Stored data:
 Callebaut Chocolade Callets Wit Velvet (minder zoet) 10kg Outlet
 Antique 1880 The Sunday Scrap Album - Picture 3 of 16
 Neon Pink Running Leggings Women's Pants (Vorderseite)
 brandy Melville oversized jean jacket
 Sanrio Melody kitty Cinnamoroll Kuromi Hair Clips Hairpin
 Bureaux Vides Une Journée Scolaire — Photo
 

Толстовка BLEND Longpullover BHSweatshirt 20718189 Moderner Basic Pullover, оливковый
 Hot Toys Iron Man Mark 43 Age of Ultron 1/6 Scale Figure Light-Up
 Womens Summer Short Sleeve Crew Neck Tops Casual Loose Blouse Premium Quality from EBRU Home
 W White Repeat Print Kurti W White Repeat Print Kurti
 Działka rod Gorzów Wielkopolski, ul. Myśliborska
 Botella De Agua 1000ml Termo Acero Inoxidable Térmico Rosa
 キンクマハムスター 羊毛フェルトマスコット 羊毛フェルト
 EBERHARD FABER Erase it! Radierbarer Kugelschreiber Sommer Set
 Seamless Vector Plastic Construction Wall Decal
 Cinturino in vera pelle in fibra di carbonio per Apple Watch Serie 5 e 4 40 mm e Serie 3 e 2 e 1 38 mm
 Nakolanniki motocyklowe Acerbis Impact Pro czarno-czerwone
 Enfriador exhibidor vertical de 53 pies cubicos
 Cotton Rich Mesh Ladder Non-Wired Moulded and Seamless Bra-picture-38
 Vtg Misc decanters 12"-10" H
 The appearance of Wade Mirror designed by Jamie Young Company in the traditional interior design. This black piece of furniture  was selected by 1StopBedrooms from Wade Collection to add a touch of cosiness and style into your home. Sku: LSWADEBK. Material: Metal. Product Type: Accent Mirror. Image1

What the exercise asks: Using the listing above, return word for word each line from the one that has "Sanrio Melody kitty" through the one that has "Hot Toys Iron", and no line outside that range.

Written solution:
 Sanrio Melody kitty Cinnamoroll Kuromi Hair Clips Hairpin
 Bureaux Vides Une Journée Scolaire — Photo
 

Толстовка BLEND Longpullover BHSweatshirt 20718189 Moderner Basic Pullover, оливковый
 Hot Toys Iron Man Mark 43 Age of Ultron 1/6 Scale Figure Light-Up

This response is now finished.